Chatbots popularity is partly due to their ease of use and increasingly “natural feel” thanks to advancements in machine learning and natural language processing. The chatbot market is expected to reach around
1.25 billion USD in 2025. After-sales and customer service bots are leading the charge.
But how journalists and fact-checkers look at the future of AI chatbots?
As an urgent response to the Turkey/Syria earthquake of February 2023, Fatabyyano, a fact-checking organization that serves fact-checks to an Arabic-speaking audience spanning across 19 countries, launched an
emergency tipline to deliver critical information to the earthquake victims. The automated messaging solution is powered by Meedan’s Check tool, which supports the development of AI-assisted chatbots. The collaboration marked the first Check tipline made for an Arabic-speaking audience. This emergency initiative has put in the foreground three pivotal questions that have the potential to inform future interventions: How fast can we deploy critical and efficient tiplines in times of crisis? How can we adapt to different contexts and audiences? How do we prioritize needs and join forces with other nascent initiatives?
In a tipline bot context, adapting mainly revolves around channels and language. Channels may vary depending on the country or region, as some populations use WhatsApp, while others use Viber. As for language, the tipline bot should be localized to engage with this specific audience. In some cases, multiple communities in the same country need access to fact-checked information in two or three languages.

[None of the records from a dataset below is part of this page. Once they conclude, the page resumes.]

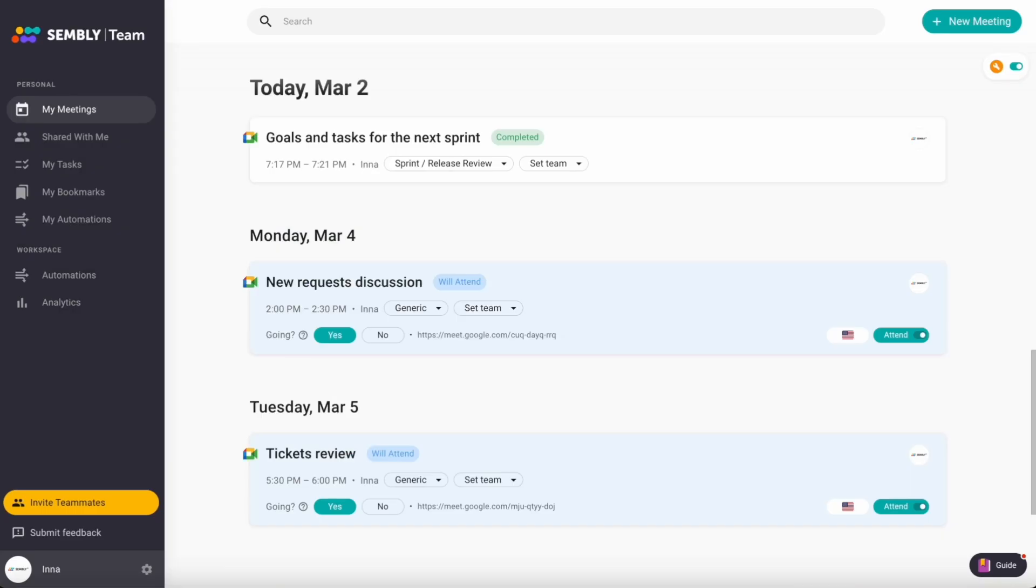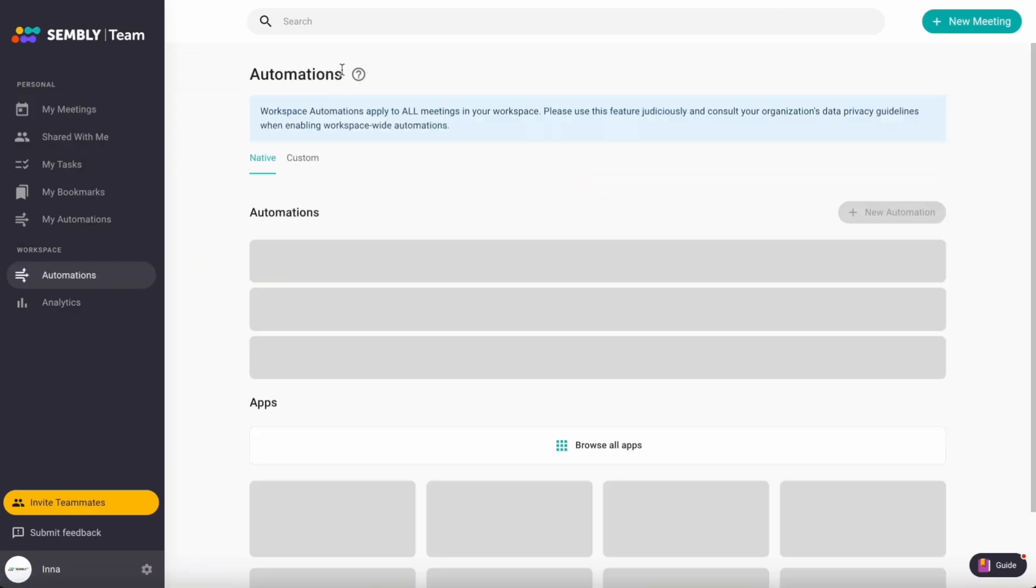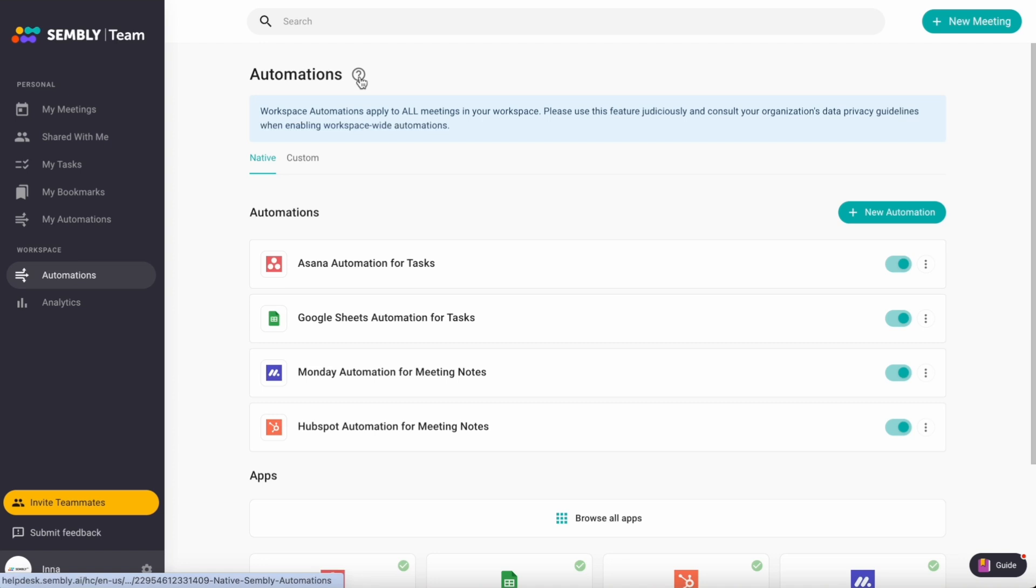If you want to learn more about automations, check our article under the question mark here. Thank you for watching this video and stay tuned for more Assembly updates!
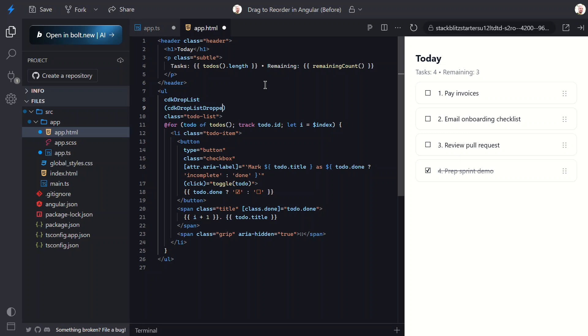Once we have this directive in place, we can use the CDK drop list dropped event to react to when items are dragged and then dropped. This fires with a custom event whenever a drag operation finishes. In this case we'll call a drop function which we'll create in just a minute, and we'll pass along the custom event.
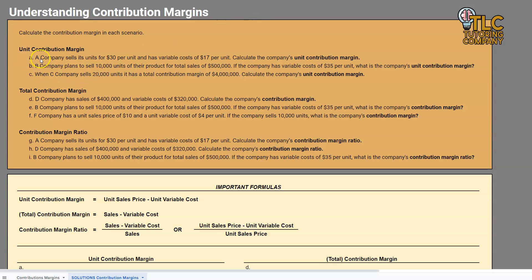Let's take a look at an example. A company sells its units for $30 per unit and has variable costs of $17 per unit. When we're talking about variable costs, we're talking about the cost we have to incur for every unit we sell. So if I sell one unit, I'm going to incur $17 worth of costs. This can go into the cost of manufacturing the item or buying the item — if I'm a retailer, this could also include a sales commission paid to salespeople.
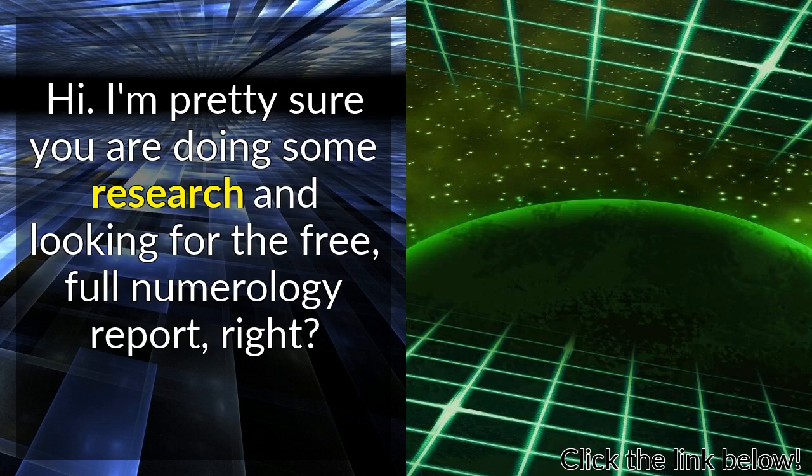Hi. I'm pretty sure you are doing some research and looking for the free, full numerology report, right?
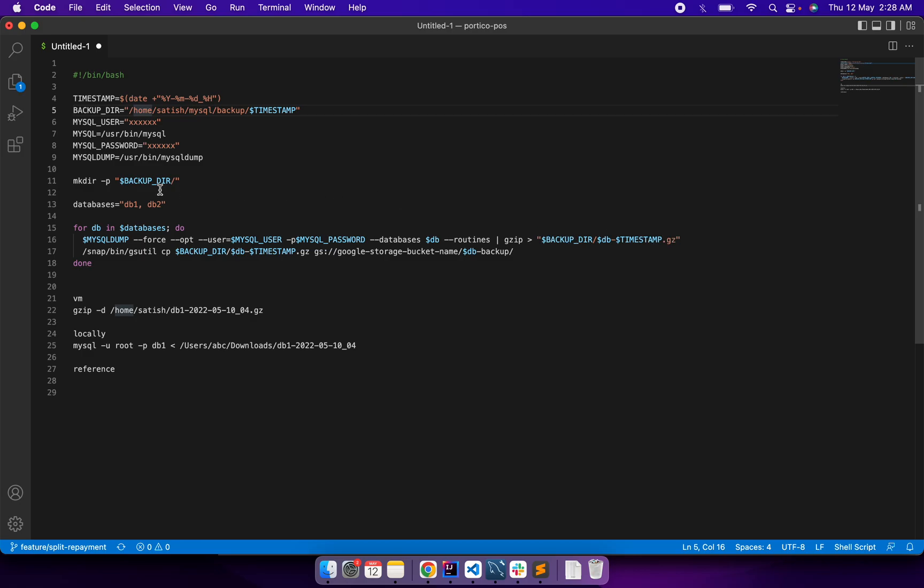I'm creating a directory on the fly and storing those dump files there. Later, I'm using gsutil to copy the backup file from my location and uploading it to my Google Cloud bucket. This is one of my bucket locations. This is working for me every day, creating a dump file.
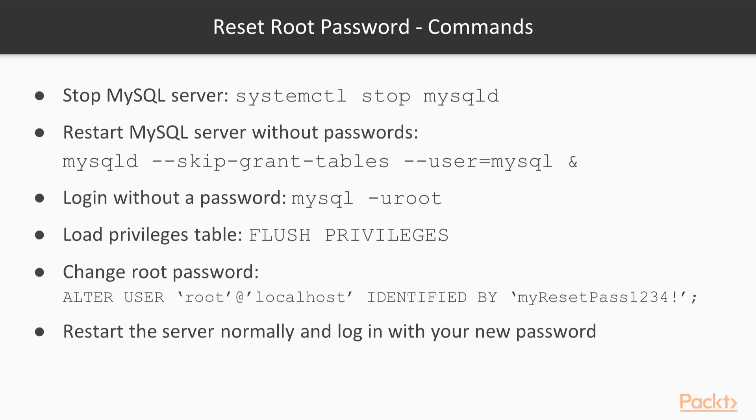Then we can log in without providing a password, load the privileges table and change the root password to something new. Then we can restart the server normally and log in with our new password.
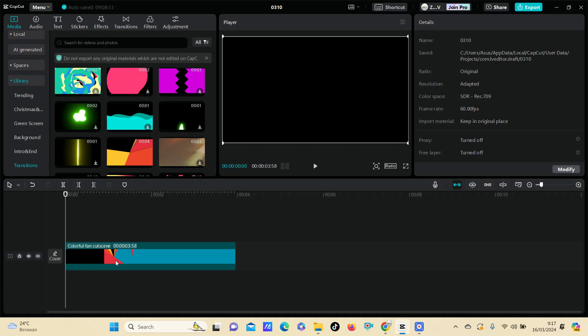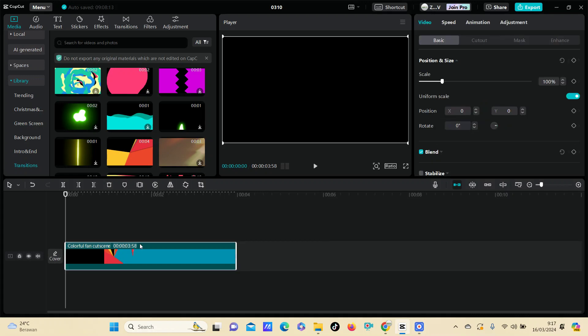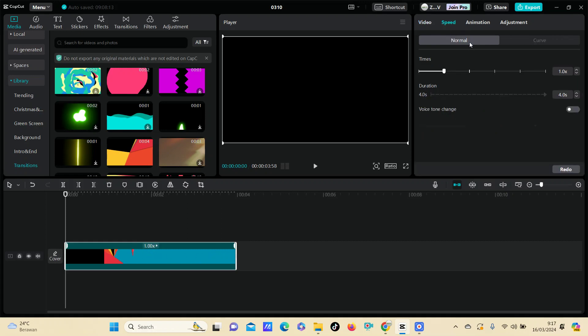one video, and as you can see, this video is four seconds in duration. I'm going to make it longer. To do this, just click on the clip, go to Speed, and select Times.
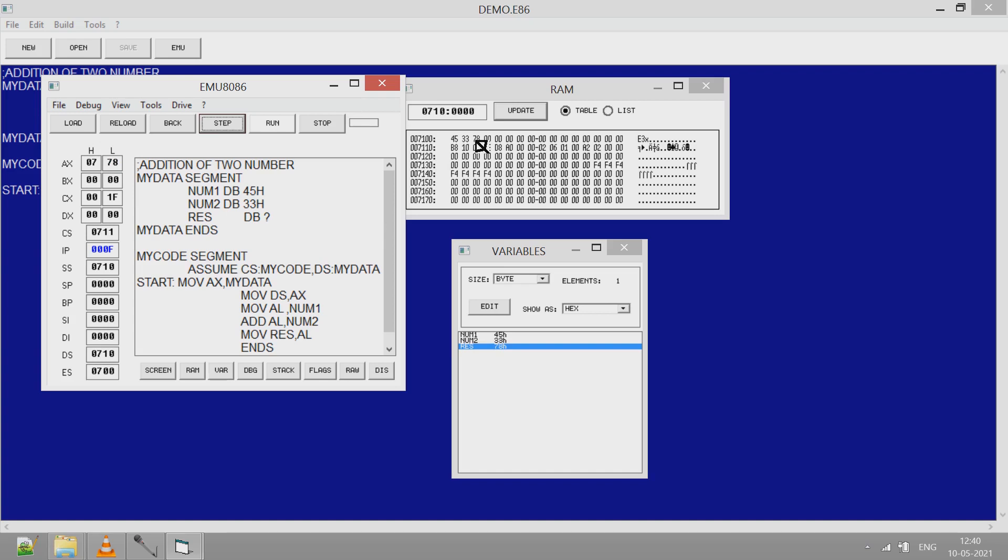So this is how you can run your program in emulator EMU8086. Thank you very much.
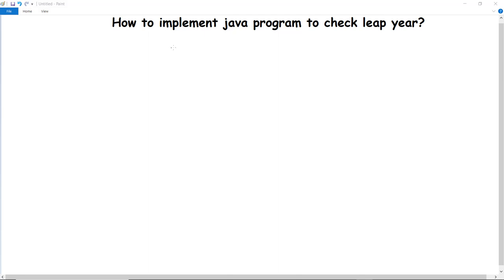In this video we are going to discuss a program: how to implement a Java program to check leap year — whether any particular year mentioned or given by the user is a leap year or not.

This workshop will be a one-hour session in which attendees will examine existing chatbot structures and limitations, and examine what a ‘machine in the loop’ approach might look like for designing a chatbot within a newsroom. We will specifically design chat bots that can serve to inform communities in crisis contexts, examine unique needs in crisis settings, and prototype using Check.
The prototypes will be compared with conversations made with chatbots in different cultural and political contexts. If an informed citizen is the cornerstone of democracy, how can journalists make use of chatbots to deliver credible information and bring trust back to the conversation?